This was my first, and so far my only, U2 concert. At 21 years of age I had enjoyed the band's rise to mega stardom and desperately needed to witness them at the peak of their strength.

Coming over to Stockholm from Northern Finland meant a trip of 1000 km that was spent intoxicated and in good company, as me and my merry friends took a ferry loaded with U2 fans the night before the concert and partied throughout the sea trip.

After a long day queuing in Stockholm we watched lacklustre PJ Harvey and Stereo MCs go about their business of licking fiery legs and sorts. It was relatively quiet at the front, so we made our way towards the stage and ended up just a metre or two away from the edge (oh well).

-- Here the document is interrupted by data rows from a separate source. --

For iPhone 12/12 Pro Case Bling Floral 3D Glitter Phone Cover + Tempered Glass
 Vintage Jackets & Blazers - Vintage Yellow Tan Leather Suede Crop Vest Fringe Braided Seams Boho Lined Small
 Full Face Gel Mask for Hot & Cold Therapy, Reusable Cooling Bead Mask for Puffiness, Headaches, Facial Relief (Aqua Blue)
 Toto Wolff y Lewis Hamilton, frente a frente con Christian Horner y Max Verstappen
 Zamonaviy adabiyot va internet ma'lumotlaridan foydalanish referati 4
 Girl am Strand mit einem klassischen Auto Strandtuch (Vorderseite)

Recollections from the show: U2 had discovered irony - making people applaud them onstage to a Nazi propaganda piece was pretty twisted. Also, as the crowd took their time warming up, a frustrated Bono was punching his fist in the air and trying to get people in the wings going - which felt like we were supposed to go through certain motions in a rehearsed event. Ironically enough it made you think about the Nurnberg rallies and cult worship back in the 1930's Zooropa. It all became a mixed signal.

The problem in being too close to the stage is that you cannot see or hear the band properly. Only after moving towards the centre of the field could I enjoy the show better. It was very impressive visually, and people were getting on with it better as the show went along, until Bono called Sarajevo and stopped the show for a couple of minutes to talk to a girl in the city that was under siege.

The connection seemed poor and it was hard to follow their conversation. Moreover, it was a totally deadening moment for the show, and I'm not sure music could recover the evening from there on. It made you feel a little more guilty plus it made you snap out of the mode for awhile.

Having seen video footage and reading about the tour, I couldn't but conclude that the show at least didn't live up to all the hype. It certainly didn't lift my spirits to any spontaneous heights or take me 'somewhere else'. The references to Nazi mass hysterics and its obvious links to stadium rock kicked the show off in the wrong direction and made you want to think twice about joining in. Calling Sarajevo and some right wing politician in Sweden later on in the show seemed patronizing or in some way guilt ridden to an unnecessary point.

I ended up feeling numb and disoriented and unsure about the place of rock'n'roll in the postmodern world. It might have been the show's whole point and a good lesson for any young pilgrim who's coming to witness his gods. But to pay for the priviledge? It put me off U2 for a while.